YOUR GOAL: Restate word for word the lines between the start of the material and the line with "Here is what", keeping both of those ends and none of the pictures.

━━━━━━━━━━━━━━━━━━━━

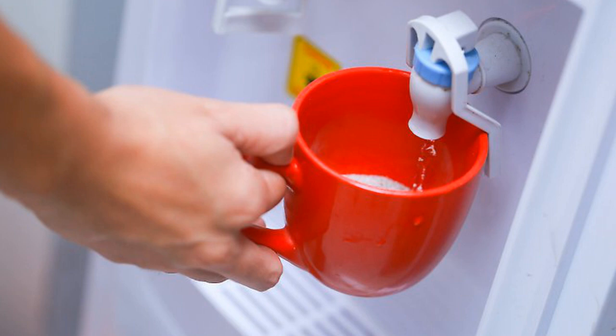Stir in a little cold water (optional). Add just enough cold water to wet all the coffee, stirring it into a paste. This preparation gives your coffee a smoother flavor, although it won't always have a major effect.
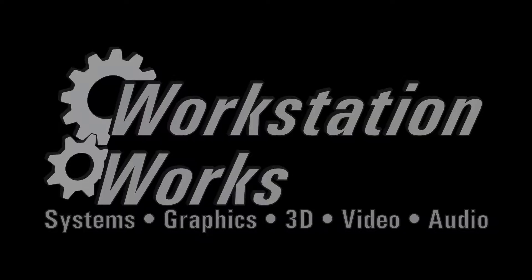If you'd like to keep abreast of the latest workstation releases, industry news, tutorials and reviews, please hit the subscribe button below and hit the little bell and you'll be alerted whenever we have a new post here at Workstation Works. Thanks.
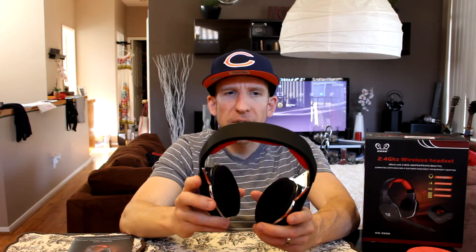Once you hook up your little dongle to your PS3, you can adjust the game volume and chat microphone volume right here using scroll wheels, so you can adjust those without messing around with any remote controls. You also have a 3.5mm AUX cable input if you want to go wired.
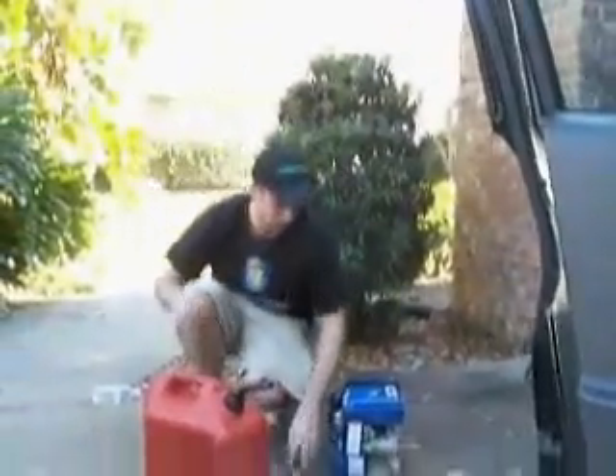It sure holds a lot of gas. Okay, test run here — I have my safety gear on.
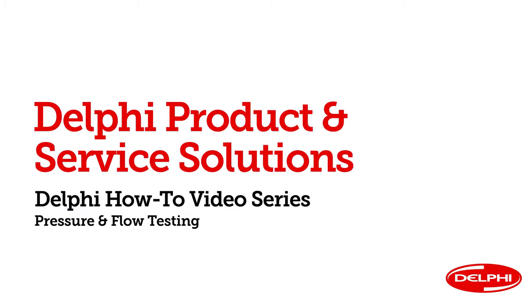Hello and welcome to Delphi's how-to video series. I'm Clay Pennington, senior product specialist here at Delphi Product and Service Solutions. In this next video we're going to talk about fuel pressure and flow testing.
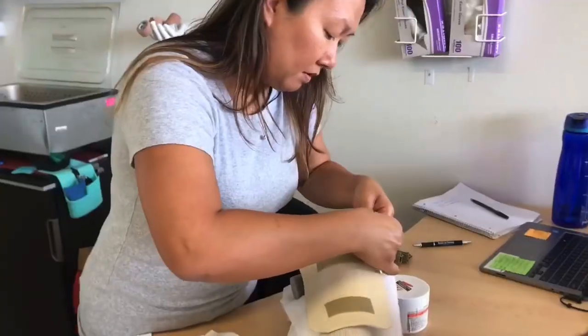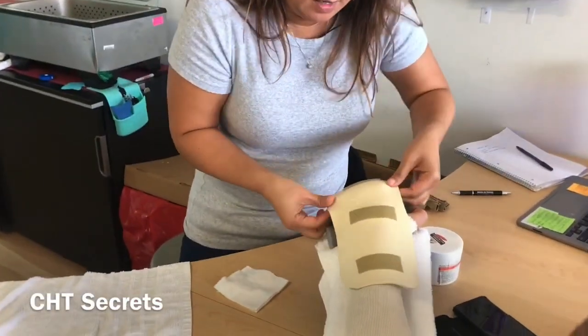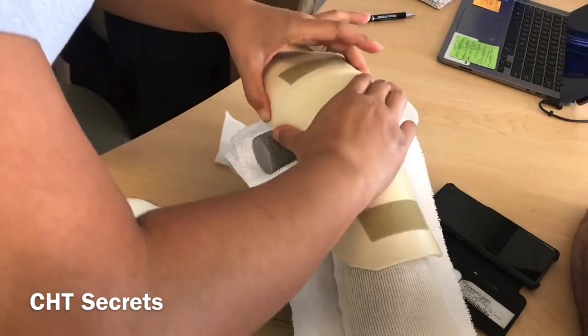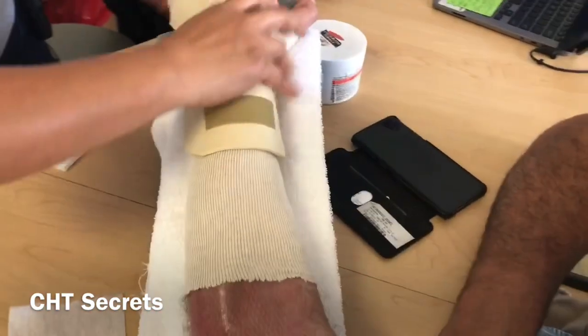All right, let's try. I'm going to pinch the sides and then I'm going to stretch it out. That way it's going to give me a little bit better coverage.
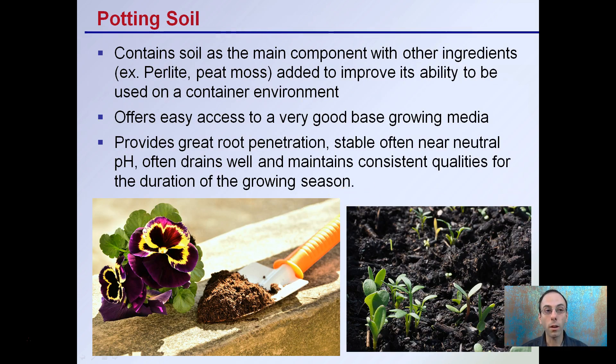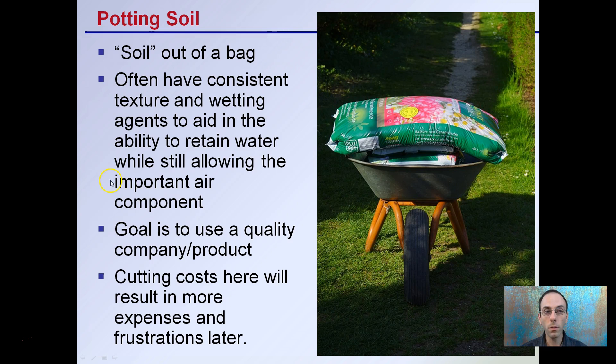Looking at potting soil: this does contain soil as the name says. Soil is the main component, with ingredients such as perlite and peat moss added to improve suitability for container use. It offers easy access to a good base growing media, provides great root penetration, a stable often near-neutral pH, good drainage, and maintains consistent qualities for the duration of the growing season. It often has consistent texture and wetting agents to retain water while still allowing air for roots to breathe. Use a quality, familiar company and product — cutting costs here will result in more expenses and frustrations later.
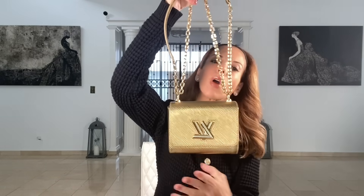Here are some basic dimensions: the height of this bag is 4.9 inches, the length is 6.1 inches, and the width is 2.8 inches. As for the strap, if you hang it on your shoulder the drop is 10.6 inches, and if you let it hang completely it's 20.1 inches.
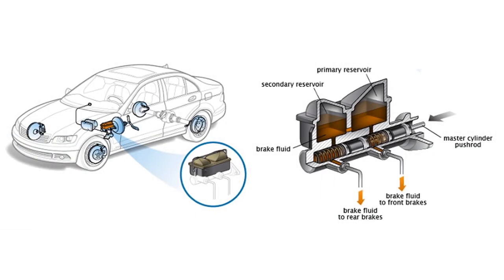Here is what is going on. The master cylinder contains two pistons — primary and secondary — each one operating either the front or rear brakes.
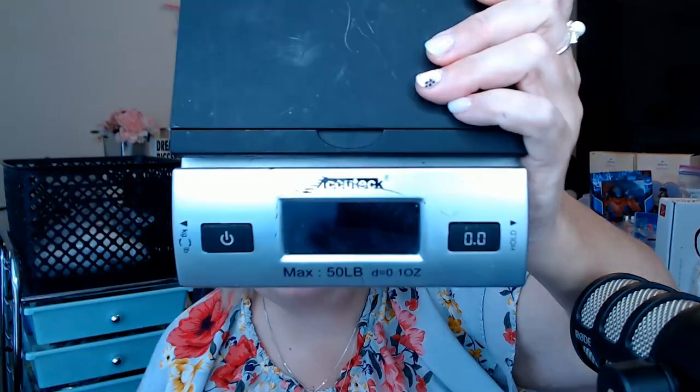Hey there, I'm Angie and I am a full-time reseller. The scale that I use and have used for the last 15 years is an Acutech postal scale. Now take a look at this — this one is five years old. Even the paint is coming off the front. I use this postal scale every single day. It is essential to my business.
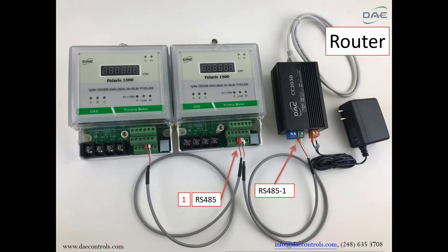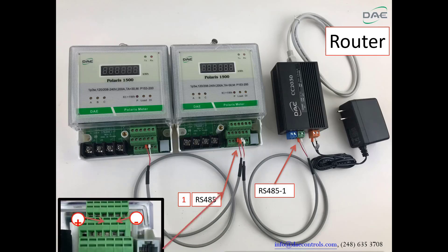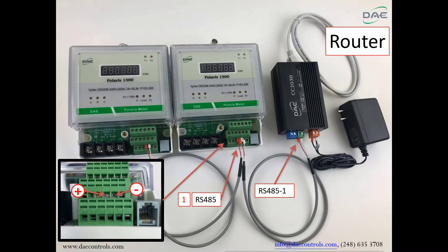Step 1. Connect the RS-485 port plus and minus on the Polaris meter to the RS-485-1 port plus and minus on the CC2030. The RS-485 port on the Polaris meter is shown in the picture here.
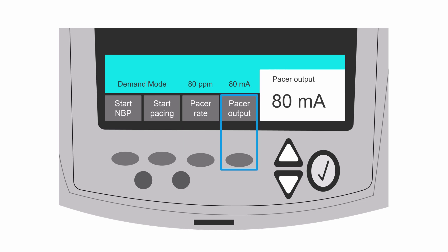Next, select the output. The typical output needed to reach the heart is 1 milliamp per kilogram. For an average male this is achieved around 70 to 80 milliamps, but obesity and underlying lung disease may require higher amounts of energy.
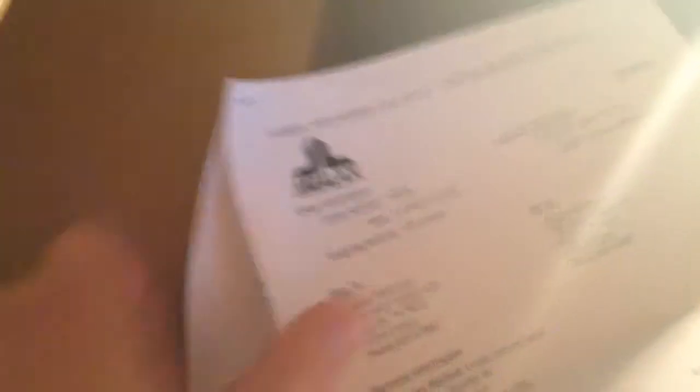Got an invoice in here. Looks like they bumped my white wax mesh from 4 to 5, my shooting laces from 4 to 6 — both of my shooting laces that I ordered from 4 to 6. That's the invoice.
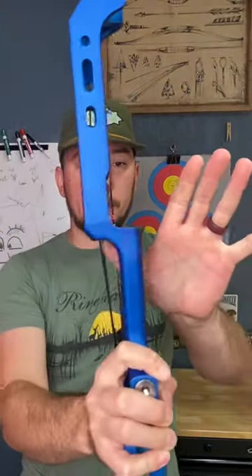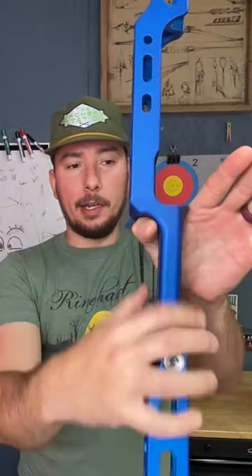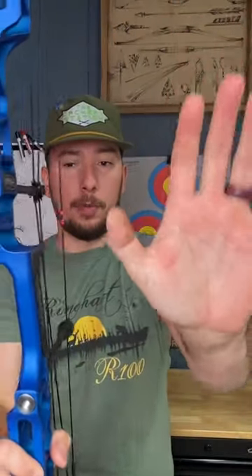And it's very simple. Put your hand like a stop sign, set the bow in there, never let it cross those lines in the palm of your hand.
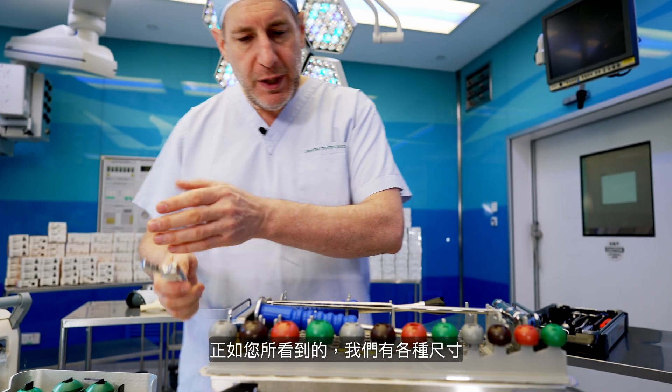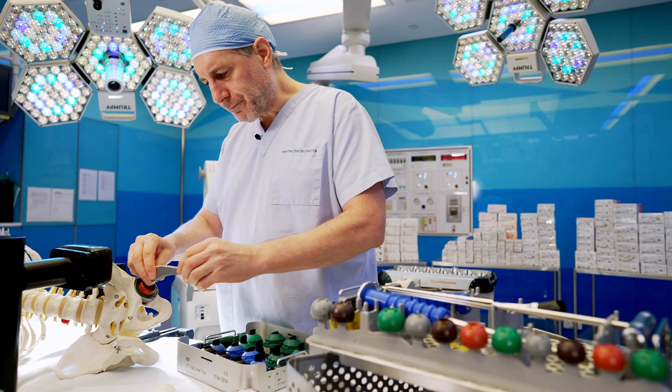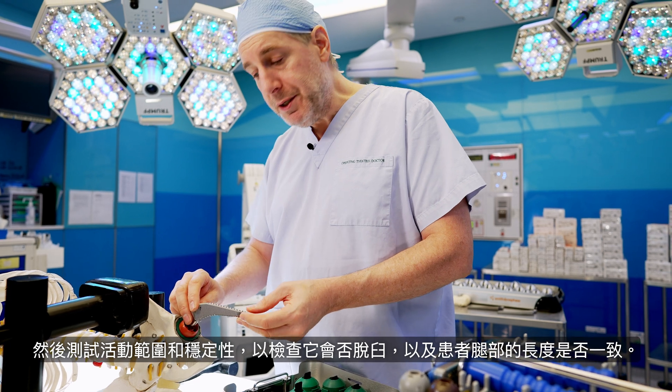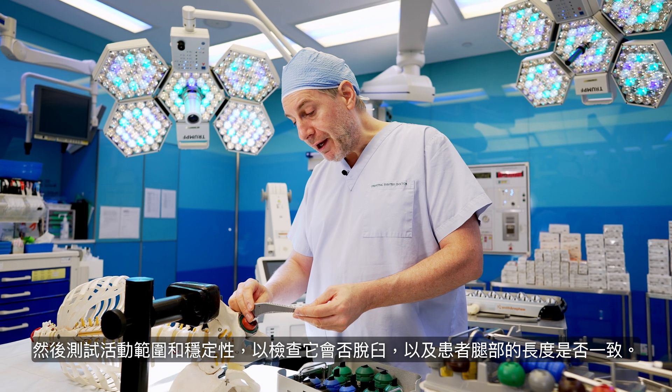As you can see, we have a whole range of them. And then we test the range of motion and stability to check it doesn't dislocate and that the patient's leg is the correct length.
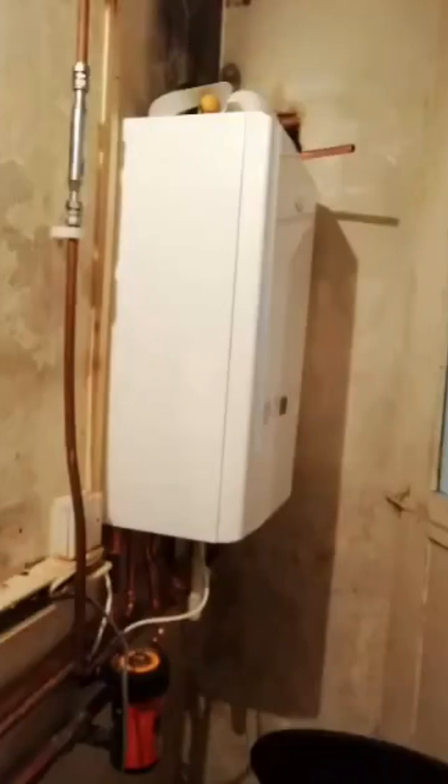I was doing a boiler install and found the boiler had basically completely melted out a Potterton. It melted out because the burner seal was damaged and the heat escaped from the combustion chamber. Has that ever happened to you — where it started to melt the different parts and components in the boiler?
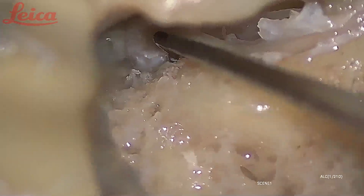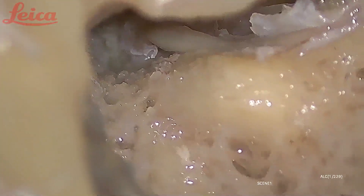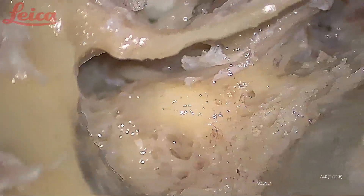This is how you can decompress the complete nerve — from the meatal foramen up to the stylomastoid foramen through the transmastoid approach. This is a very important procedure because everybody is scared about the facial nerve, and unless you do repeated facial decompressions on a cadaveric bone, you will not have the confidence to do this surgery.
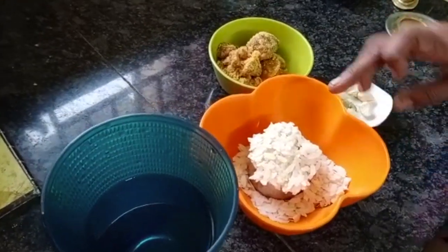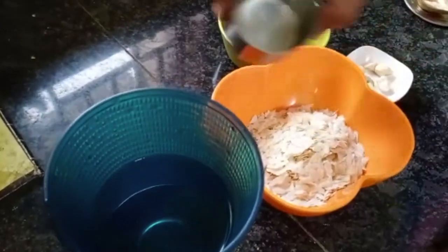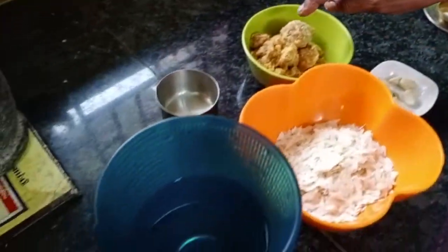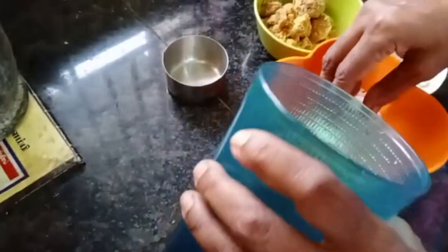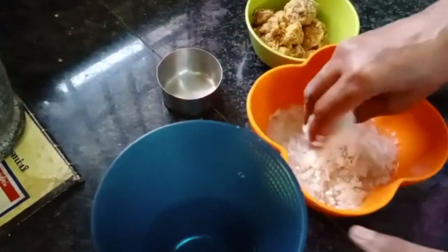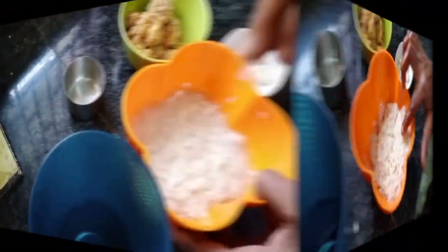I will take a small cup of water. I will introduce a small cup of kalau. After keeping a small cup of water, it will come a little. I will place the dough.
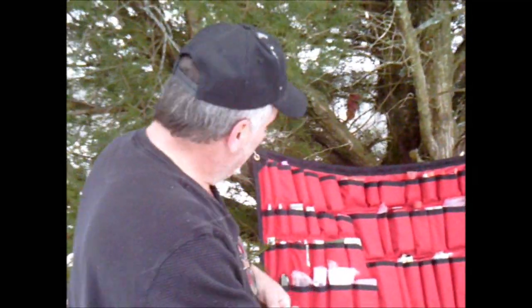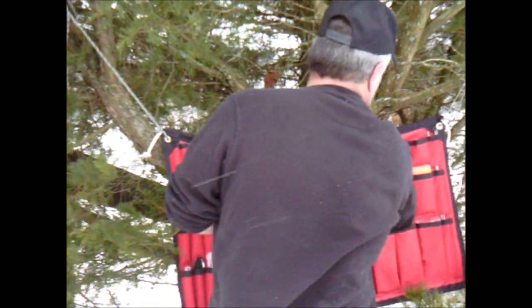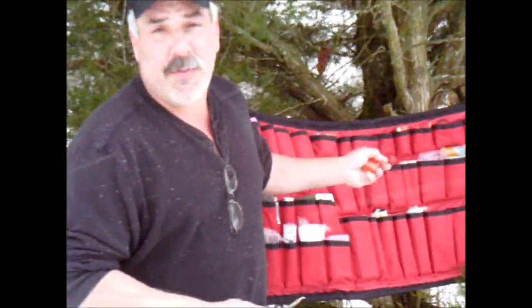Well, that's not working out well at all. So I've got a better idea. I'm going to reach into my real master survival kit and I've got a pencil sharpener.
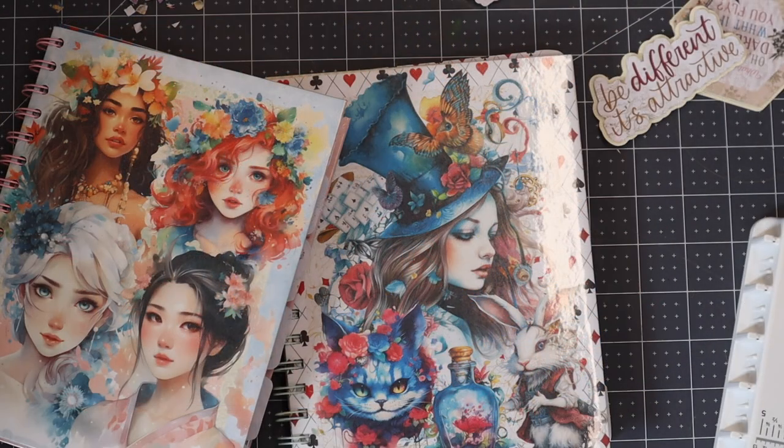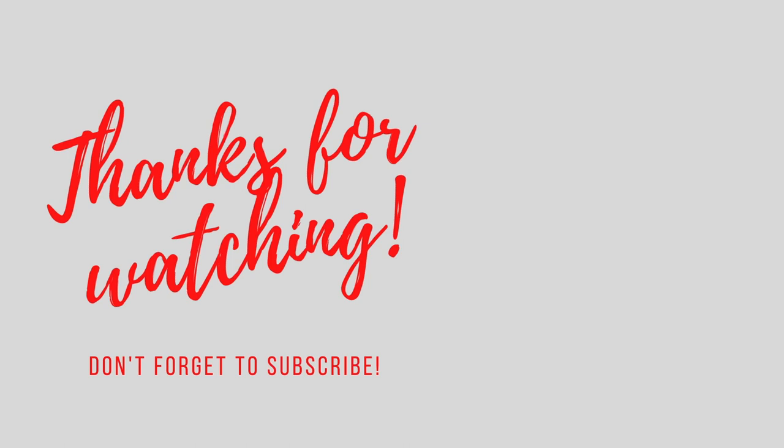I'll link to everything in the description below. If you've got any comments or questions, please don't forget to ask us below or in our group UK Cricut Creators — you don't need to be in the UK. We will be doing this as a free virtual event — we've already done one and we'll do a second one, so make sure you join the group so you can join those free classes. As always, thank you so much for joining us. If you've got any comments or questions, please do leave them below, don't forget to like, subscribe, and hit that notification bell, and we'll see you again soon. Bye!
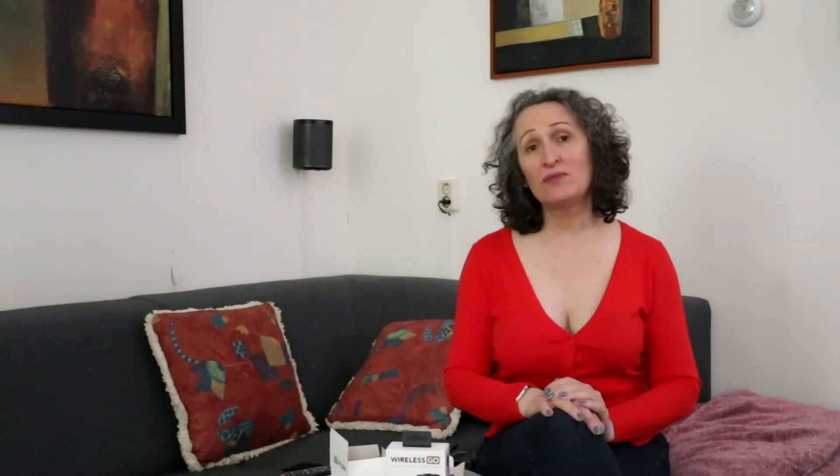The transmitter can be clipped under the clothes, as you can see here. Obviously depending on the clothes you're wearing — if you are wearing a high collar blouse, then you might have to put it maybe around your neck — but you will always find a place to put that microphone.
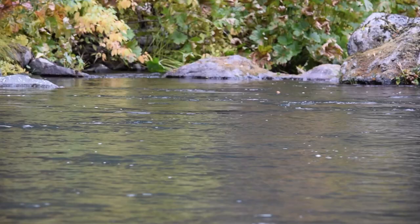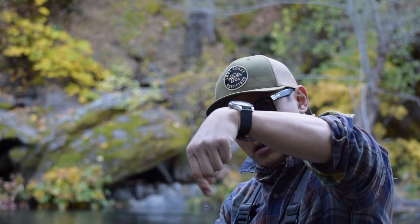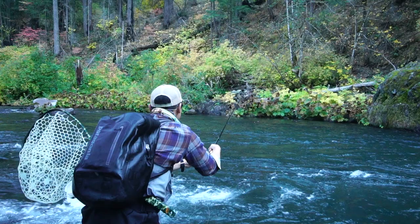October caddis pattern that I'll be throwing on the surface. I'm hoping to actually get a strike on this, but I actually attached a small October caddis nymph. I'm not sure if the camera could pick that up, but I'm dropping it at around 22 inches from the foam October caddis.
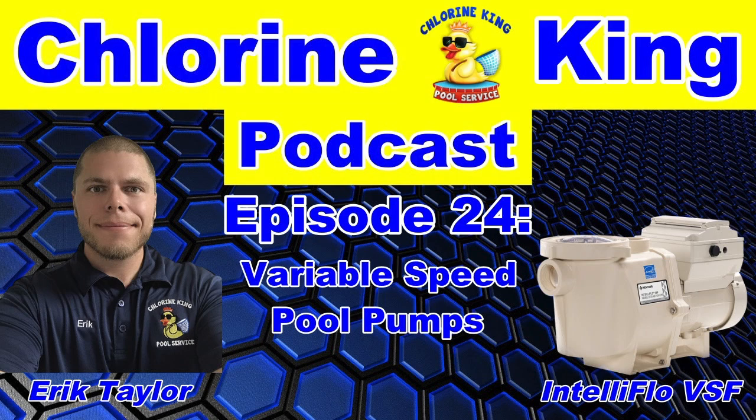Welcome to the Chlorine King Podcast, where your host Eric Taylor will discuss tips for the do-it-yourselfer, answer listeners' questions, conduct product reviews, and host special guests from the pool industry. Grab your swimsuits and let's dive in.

━━━━━━━━━━━━━━━━━━━━

EXERCISE OUTPUT:
Stir in a little cold water (optional). Add just enough cold water to wet all the coffee, stirring it into a paste. This preparation gives your coffee a smoother flavor, although it won't always have a major effect.
If you'd like to keep abreast of the latest workstation releases, industry news, tutorials and reviews, please hit the subscribe button below and hit the little bell and you'll be alerted whenever we have a new post here at Workstation Works. Thanks.
Once you hook up your little dongle to your PS3, you can adjust the game volume and chat microphone volume right here using scroll wheels, so you can adjust those without messing around with any remote controls. You also have a 3.5mm AUX cable input if you want to go wired.
It sure holds a lot of gas. Okay, test run here — I have my safety gear on.
Hello and welcome to Delphi's how-to video series. I'm Clay Pennington, senior product specialist here at Delphi Product and Service Solutions. In this next video we're going to talk about fuel pressure and flow testing.
All right, let's try. I'm going to pinch the sides and then I'm going to stretch it out. That way it's going to give me a little bit better coverage.
Looking at potting soil: this does contain soil as the name says. Soil is the main component, with ingredients such as perlite and peat moss added to improve suitability for container use. It offers easy access to a good base growing media, provides great root penetration, a stable often near-neutral pH, good drainage, and maintains consistent qualities for the duration of the growing season. It often has consistent texture and wetting agents to retain water while still allowing air for roots to breathe. Use a quality, familiar company and product — cutting costs here will result in more expenses and frustrations later.
Here are some basic dimensions: the height of this bag is 4.9 inches, the length is 6.1 inches, and the width is 2.8 inches. As for the strap, if you hang it on your shoulder the drop is 10.6 inches, and if you let it hang completely it's 20.1 inches.
Here is what is going on. The master cylinder contains two pistons — primary and secondary — each one operating either the front or rear brakes.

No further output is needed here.